Next, we asked whether the activation of the JNK signalling pathway depends on the Wnt/PCP receptor ROR2. Therefore, we co-transfected a dominant-negative ROR2 construct lacking the intracellular kinase domain (ROR2-ΔC) together with the KTR reporter. We observed that AβO_1-42, DKK1 and WNT5A cannot activate the JNK signalling significantly if the ROR2 function is blocked (Fig. 3B,C). JNK signalling facilitates filopodia formation (Brunt et al., 2021), and in support of our findings, we found that AβO_1-42- and DKK1-treated neurons or neurons transfected with ROR2 form more dendritic filopodia, whereas expression of ROR2-ΔC led to a significant downregulation of the filopodia density on neurites (Fig. S2). These results suggest that, in an AD context, when AβO_1-42 and DKK1 are upregulated, neurons can activate JNK signalling. However, activation of JNK signalling is facilitated by functional ROR2 receptors.

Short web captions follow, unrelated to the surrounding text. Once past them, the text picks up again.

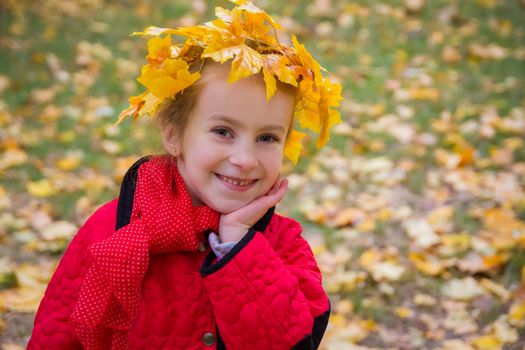 Cute girl in autumn wreath close-up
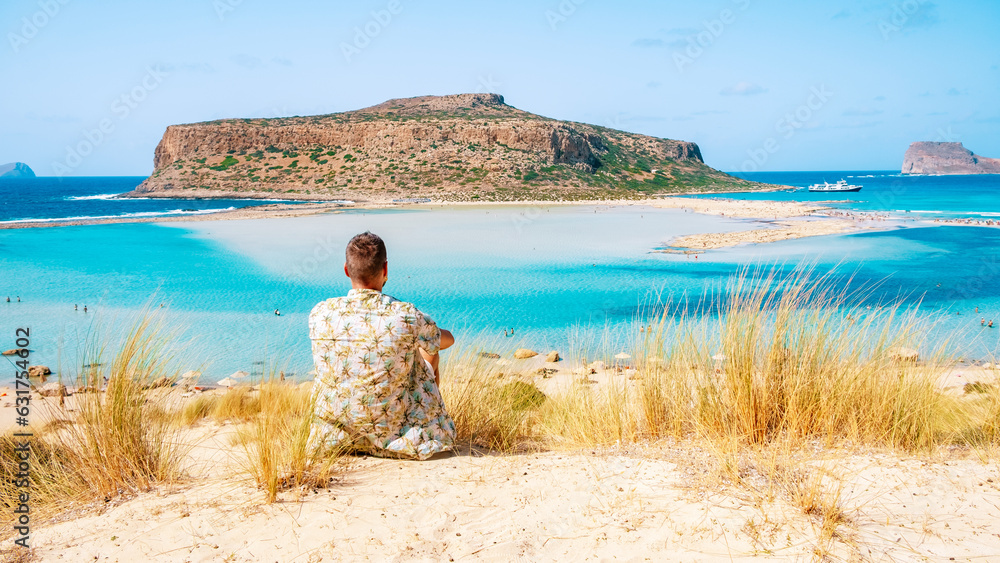 Crete Greece, Balos lagoon on Crete island, Greece. Tourists relax at the crystal clear ocean of Balos Beach. Greece, a young men visit the beach during a vacation in Greece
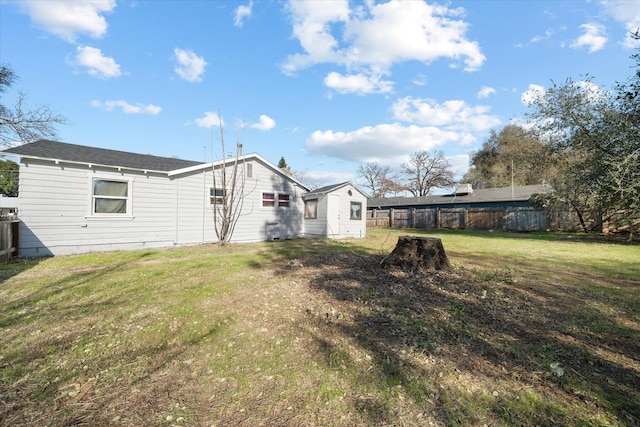 back of property with a lawn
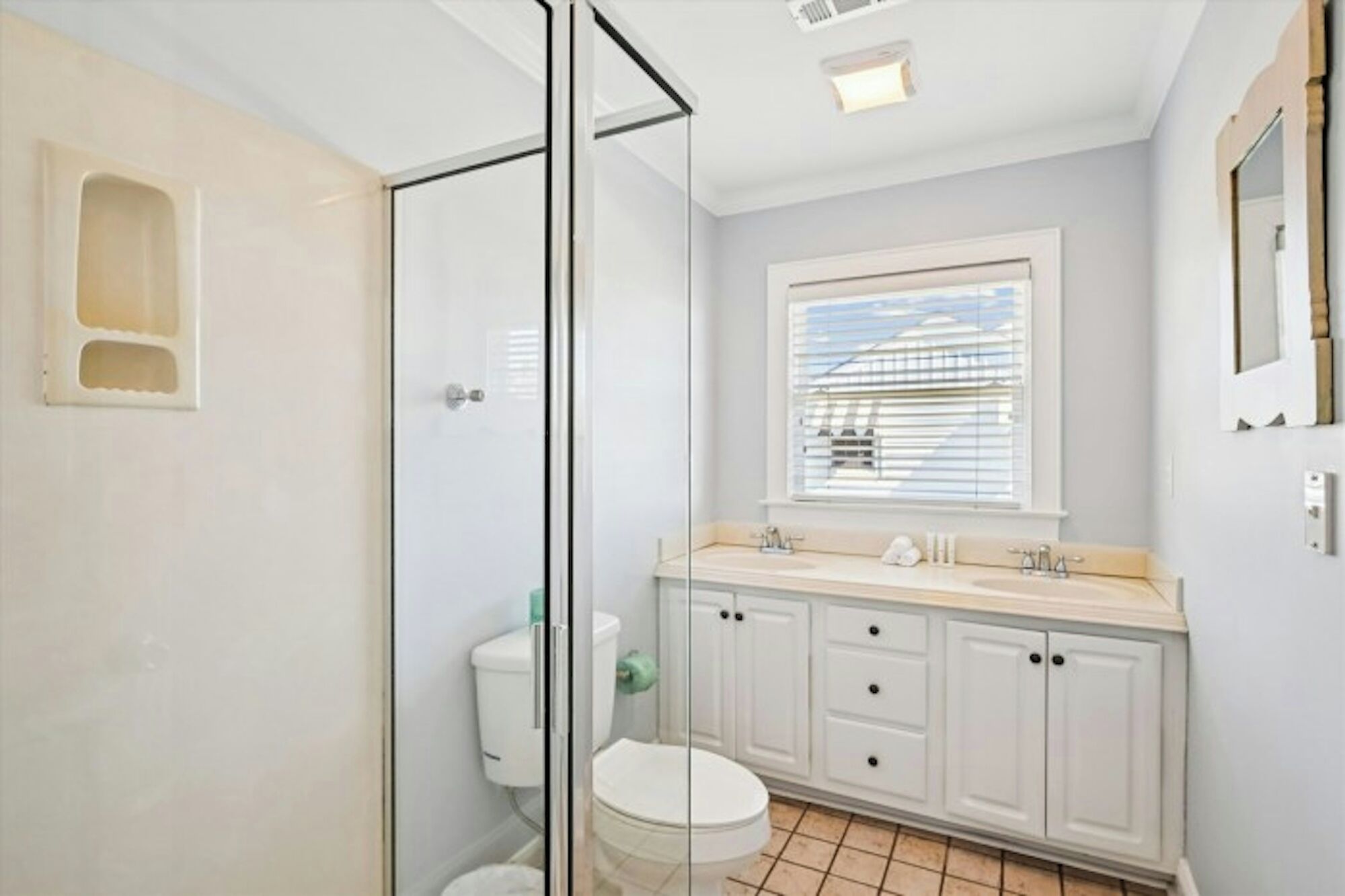 Un baño con cabina de ducha de vidrio, inodoro, lavabo con espejo y ventana con persianas.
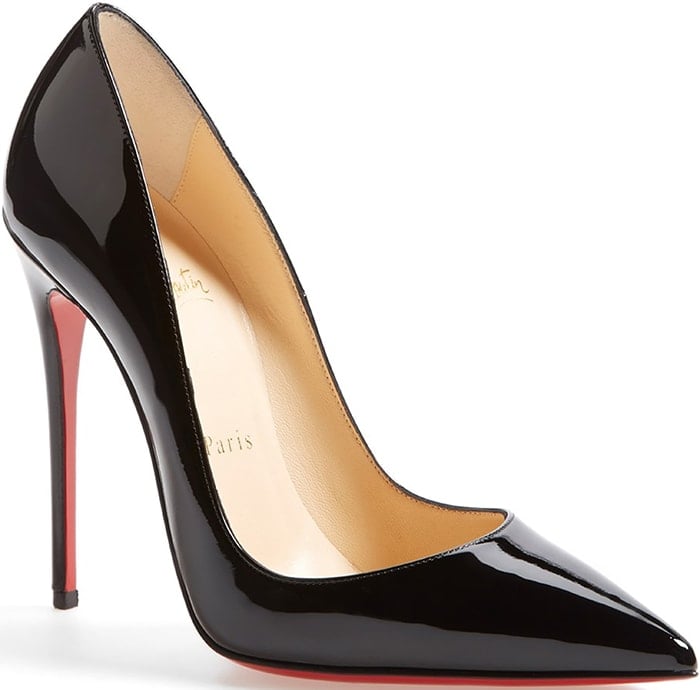 The Christian Louboutin So Kate pump in black patent leather is defined by its razor-sharp pointed toe, glossy finish, and signature red-lacquered sole atop a towering stiletto heel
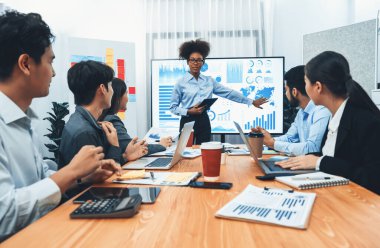 Genç Afrikalı iş kadını modern toplantıda TV ekranında veri analizi paneli sunuyor. Bir grup iş adamıyla konferans odasında iş sunumu. Uyum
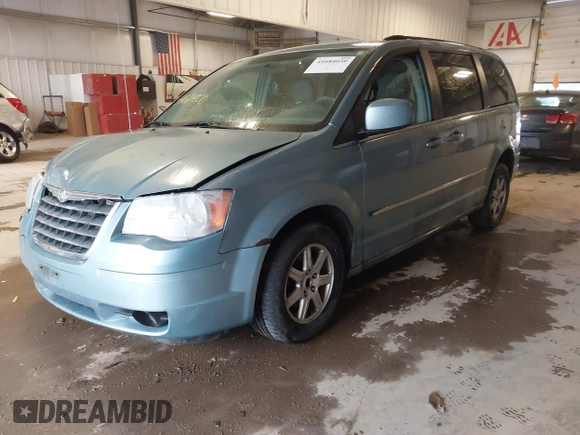 2010 Chrysler Town & Country Touring with VIN 2A4RR5D12AR284617, listed as a IAAI auction lot 41684030 with 199,414 mi miles. Bid and sale history available at carsss.com. Image 2.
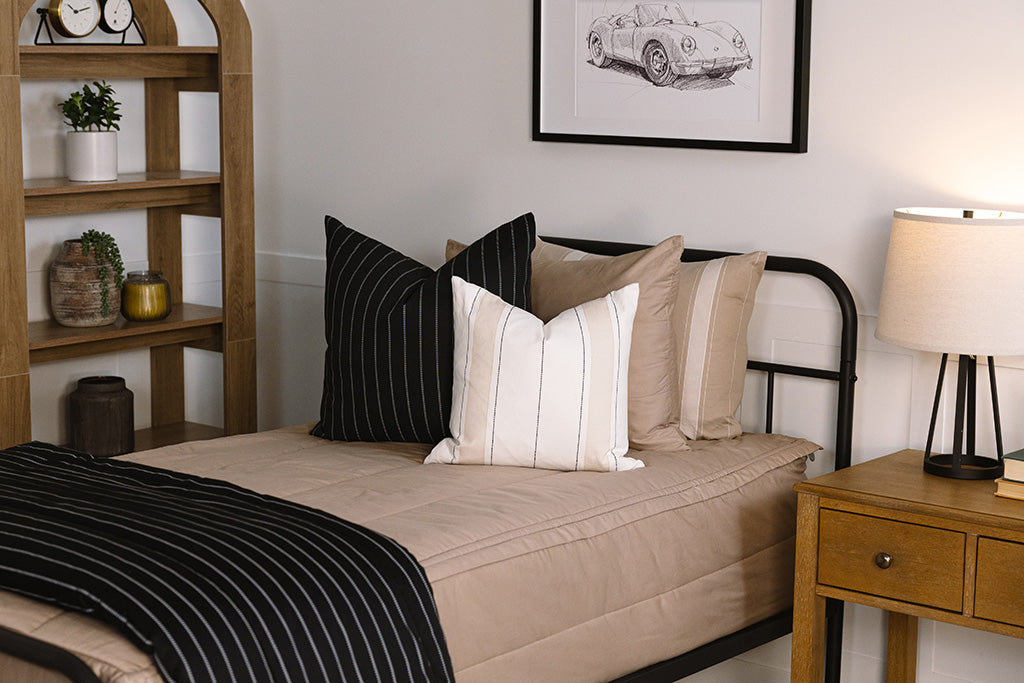 A twin bed made with tan zipper bedding an adorned with neutrals pillows and a matching striped blanket.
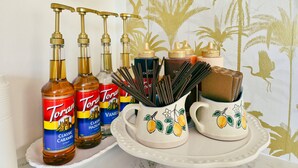 Un ripiano da cucina con bottiglie di sciroppo Torani, una macchina per il caffè e tazze di ceramica decorative.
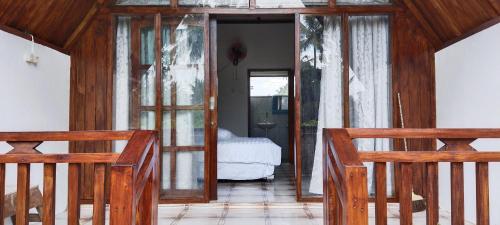 um quarto com 2 cadeiras de madeira e um quarto em Nan Bungalows Tetebatu em Tetebatu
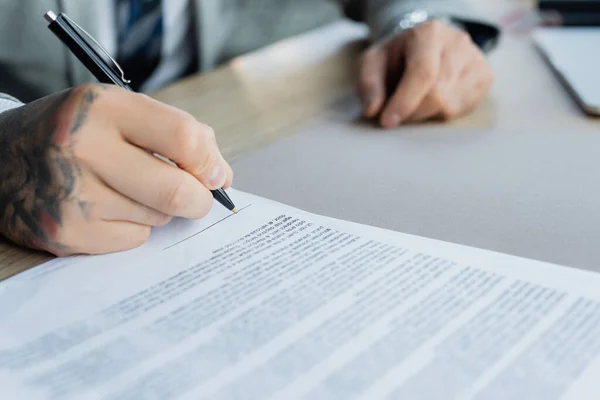 Partial view of tattooed businessman signing blurred contract in office — Stock Photo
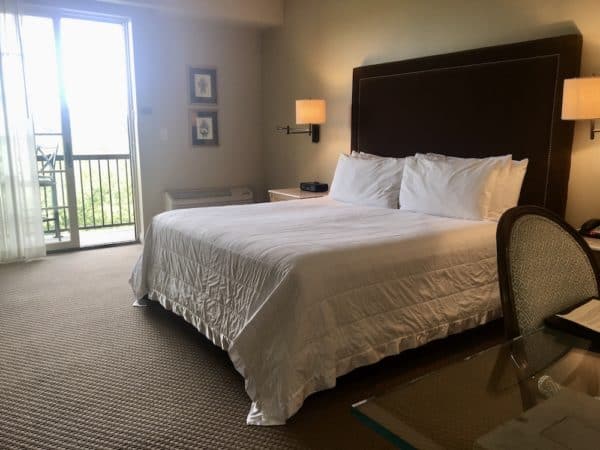 The queen rooms at the Diamond Mills Hotel in upstate NY has brown and beige tones and doors that lead to a balcony and views of the creek.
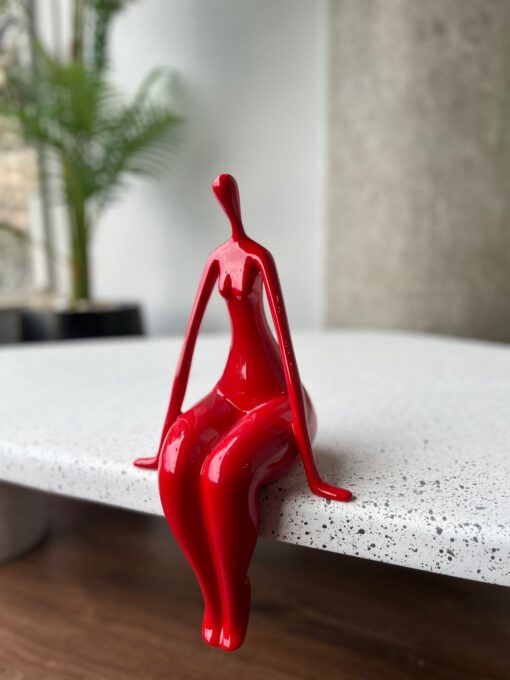 Elegant Red Sitting Woman Figurine
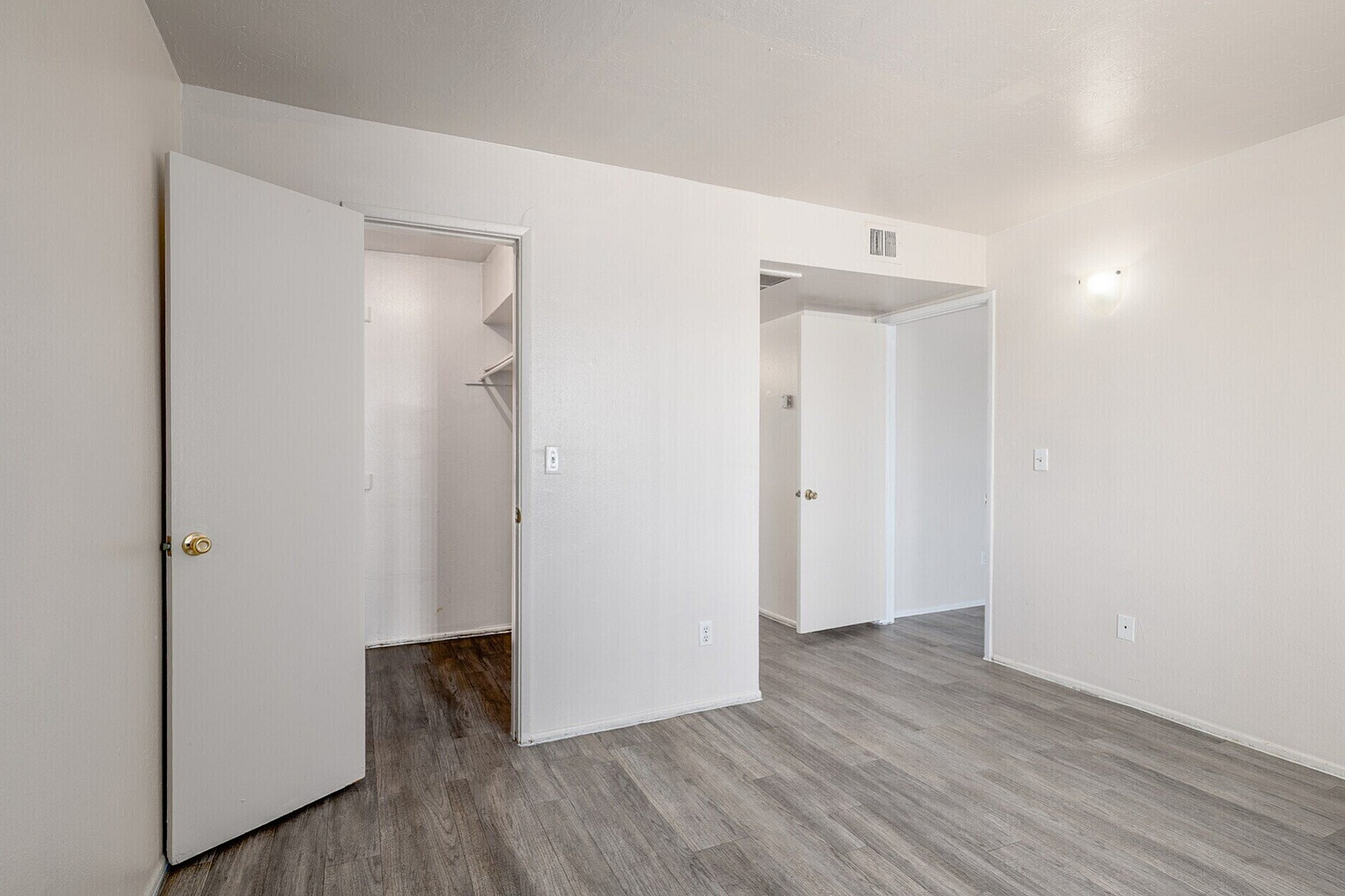 Modern apartment interior with sleek light wood flooring, ample closet space, and pristine white walls, offering a fresh and inviting atmosphere.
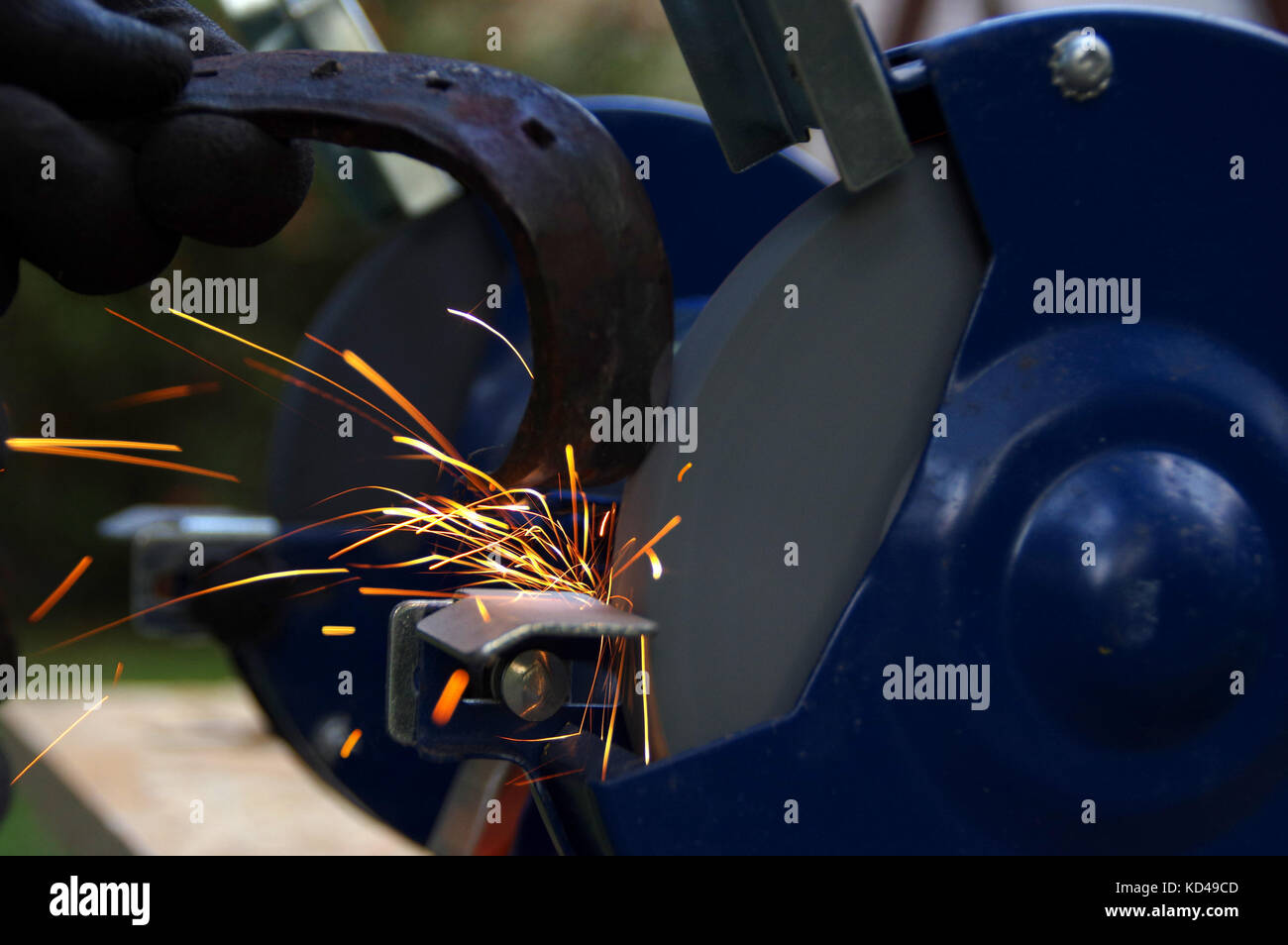 Electric wheel grinding with light sparks and gleam. Industry theme background. Stock Photo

Next, we wanted to understand the consequences of upregulated Wnt/PCP/JNK signalling on synaptogenesis. Therefore, we treated SH-SY5Y neurons with AβO_1-42 and DKK1 and investigated the expression of the presynaptic marker synaptophysin (SYP) and the postsynaptic marker ionotropic glutamate receptor, AMPA1 (GluA1, encoded by GRIA1). We found that the number of clusters of SYP and GluA1 on neurites is significantly reduced upon treatment with AβO_1-42 and DKK1 (Fig. 4A,B). Similarly, we found a significant reduction of clusters with colocalised SYP and GluA1, suggesting decreased synaptogenesis. We then asked whether the observed phenotype depends on the activation of the Wnt/PCP/JNK pathway. To assess the role of JNK signalling in this process, we treated SH-SY5Y neurons with AβO_1-42 or DKK1 and subsequently with a small-molecule inhibitor of JNK kinase activity. SP600125 specifically inhibits all three kinases JNK1–JNK3 (also known as MAPK8–MAPK10) within minutes without inhibition of ERK1 or ERK2 (MAPK3 and MAPK1), phospho-p38 MAPKs (MAPK11–MAPK14) or ATF2 (Bennett et al., 2001). Blockage of JNK signalling did not alter the number of clusters with colocalised SYP and GluA1 in control neurons. However, if pre-treated with AβO_1-42 and DKK1, SP600125 treatment led to a significant increase in the emergence of colocalised SYP and GluA1 clusters in SH-SY5Y neurons (Fig. 4C,D). These data suggest that the downregulation of colocalised SYP and GluA1 clusters in SH-SY5Y neurons by AβO_1-42 and DKK1 depends on JNK signal activation.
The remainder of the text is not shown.